### ACTION ITEM
In the listing below, repeat exactly every line from the first through the line containing "1-кімнатна квартира за", with nothing else.

+ + + + +

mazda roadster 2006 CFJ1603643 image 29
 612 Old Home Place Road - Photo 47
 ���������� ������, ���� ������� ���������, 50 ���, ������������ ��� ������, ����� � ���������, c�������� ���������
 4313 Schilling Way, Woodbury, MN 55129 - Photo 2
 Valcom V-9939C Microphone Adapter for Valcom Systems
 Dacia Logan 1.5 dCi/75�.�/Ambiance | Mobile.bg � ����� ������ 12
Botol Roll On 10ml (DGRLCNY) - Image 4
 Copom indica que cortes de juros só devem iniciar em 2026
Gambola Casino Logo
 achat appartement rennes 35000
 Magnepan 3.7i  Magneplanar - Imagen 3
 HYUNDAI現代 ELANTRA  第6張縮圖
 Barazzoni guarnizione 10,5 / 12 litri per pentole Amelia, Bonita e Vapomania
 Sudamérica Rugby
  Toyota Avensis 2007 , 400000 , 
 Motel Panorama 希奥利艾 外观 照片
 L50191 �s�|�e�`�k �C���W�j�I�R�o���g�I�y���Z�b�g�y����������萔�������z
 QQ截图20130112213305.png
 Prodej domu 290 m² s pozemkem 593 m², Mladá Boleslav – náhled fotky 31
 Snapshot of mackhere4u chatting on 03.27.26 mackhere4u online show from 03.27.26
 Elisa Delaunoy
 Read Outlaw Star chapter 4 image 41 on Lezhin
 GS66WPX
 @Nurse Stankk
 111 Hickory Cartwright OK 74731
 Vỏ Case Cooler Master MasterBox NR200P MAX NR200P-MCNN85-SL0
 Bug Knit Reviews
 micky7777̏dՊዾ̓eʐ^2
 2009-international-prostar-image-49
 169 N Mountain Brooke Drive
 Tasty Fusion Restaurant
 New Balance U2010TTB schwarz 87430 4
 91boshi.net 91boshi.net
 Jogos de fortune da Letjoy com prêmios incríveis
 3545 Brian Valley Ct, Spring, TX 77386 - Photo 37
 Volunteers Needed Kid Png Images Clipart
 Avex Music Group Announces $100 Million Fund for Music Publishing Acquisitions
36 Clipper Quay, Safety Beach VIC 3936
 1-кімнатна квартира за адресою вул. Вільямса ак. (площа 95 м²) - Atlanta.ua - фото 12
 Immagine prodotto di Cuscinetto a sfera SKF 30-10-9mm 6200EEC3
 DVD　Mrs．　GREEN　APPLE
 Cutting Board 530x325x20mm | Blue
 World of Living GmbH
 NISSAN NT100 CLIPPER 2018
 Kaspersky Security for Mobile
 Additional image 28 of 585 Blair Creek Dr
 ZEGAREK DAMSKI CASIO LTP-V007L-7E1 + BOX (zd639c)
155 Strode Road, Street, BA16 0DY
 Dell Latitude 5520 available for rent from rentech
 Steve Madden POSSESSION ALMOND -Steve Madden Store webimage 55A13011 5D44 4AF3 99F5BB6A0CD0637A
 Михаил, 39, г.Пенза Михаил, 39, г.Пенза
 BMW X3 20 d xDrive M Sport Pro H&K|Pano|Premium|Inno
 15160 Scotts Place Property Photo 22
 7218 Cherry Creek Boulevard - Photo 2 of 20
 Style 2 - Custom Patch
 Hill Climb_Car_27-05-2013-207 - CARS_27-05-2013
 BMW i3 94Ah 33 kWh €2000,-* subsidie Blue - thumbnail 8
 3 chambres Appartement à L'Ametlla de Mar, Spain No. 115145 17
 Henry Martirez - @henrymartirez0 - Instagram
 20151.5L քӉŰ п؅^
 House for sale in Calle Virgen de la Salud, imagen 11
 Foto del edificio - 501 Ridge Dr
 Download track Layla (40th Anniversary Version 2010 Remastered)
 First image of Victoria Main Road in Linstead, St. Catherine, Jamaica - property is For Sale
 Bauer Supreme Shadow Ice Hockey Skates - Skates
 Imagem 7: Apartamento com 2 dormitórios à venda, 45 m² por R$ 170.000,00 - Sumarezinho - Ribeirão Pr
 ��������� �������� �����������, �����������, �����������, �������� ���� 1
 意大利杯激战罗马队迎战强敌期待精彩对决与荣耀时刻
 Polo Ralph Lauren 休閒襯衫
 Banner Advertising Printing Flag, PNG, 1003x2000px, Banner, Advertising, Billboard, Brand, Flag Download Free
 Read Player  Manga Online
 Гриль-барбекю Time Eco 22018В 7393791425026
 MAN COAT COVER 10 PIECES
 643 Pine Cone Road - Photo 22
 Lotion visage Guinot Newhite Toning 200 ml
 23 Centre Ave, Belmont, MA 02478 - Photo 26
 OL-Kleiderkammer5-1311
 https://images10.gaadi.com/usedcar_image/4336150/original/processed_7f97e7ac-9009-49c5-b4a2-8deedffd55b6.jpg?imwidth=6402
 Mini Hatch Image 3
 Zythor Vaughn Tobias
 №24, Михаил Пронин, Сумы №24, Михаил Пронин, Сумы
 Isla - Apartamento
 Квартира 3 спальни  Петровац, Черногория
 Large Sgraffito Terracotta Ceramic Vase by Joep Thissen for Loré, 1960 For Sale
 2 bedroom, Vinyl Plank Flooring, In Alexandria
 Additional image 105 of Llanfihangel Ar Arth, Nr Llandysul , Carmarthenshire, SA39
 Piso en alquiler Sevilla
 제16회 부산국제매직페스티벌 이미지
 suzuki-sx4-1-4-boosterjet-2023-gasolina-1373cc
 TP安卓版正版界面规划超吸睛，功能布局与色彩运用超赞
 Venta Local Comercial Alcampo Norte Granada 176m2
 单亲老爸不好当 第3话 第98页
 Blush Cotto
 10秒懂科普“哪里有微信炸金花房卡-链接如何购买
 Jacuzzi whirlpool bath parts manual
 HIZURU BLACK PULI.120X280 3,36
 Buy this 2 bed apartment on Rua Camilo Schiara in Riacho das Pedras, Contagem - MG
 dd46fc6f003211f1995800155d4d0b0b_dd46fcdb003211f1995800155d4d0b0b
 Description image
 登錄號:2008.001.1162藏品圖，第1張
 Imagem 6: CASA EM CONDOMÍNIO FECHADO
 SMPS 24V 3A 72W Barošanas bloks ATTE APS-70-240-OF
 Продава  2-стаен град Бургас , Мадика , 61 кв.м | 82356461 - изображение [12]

+ + + + +

### RESULT
mazda roadster 2006 CFJ1603643 image 29
 612 Old Home Place Road - Photo 47
 ���������� ������, ���� ������� ���������, 50 ���, ������������ ��� ������, ����� � ���������, c�������� ���������
 4313 Schilling Way, Woodbury, MN 55129 - Photo 2
 Valcom V-9939C Microphone Adapter for Valcom Systems
 Dacia Logan 1.5 dCi/75�.�/Ambiance | Mobile.bg � ����� ������ 12
Botol Roll On 10ml (DGRLCNY) - Image 4
 Copom indica que cortes de juros só devem iniciar em 2026
Gambola Casino Logo
 achat appartement rennes 35000
 Magnepan 3.7i  Magneplanar - Imagen 3
 HYUNDAI現代 ELANTRA  第6張縮圖
 Barazzoni guarnizione 10,5 / 12 litri per pentole Amelia, Bonita e Vapomania
 Sudamérica Rugby
  Toyota Avensis 2007 , 400000 , 
 Motel Panorama 希奥利艾 外观 照片
 L50191 �s�|�e�`�k �C���W�j�I�R�o���g�I�y���Z�b�g�y����������萔�������z
 QQ截图20130112213305.png
 Prodej domu 290 m² s pozemkem 593 m², Mladá Boleslav – náhled fotky 31
 Snapshot of mackhere4u chatting on 03.27.26 mackhere4u online show from 03.27.26
 Elisa Delaunoy
 Read Outlaw Star chapter 4 image 41 on Lezhin
 GS66WPX
 @Nurse Stankk
 111 Hickory Cartwright OK 74731
 Vỏ Case Cooler Master MasterBox NR200P MAX NR200P-MCNN85-SL0
 Bug Knit Reviews
 micky7777̏dՊዾ̓eʐ^2
 2009-international-prostar-image-49
 169 N Mountain Brooke Drive
 Tasty Fusion Restaurant
 New Balance U2010TTB schwarz 87430 4
 91boshi.net 91boshi.net
 Jogos de fortune da Letjoy com prêmios incríveis
 3545 Brian Valley Ct, Spring, TX 77386 - Photo 37
 Volunteers Needed Kid Png Images Clipart
 Avex Music Group Announces $100 Million Fund for Music Publishing Acquisitions
36 Clipper Quay, Safety Beach VIC 3936
 1-кімнатна квартира за адресою вул. Вільямса ак. (площа 95 м²) - Atlanta.ua - фото 12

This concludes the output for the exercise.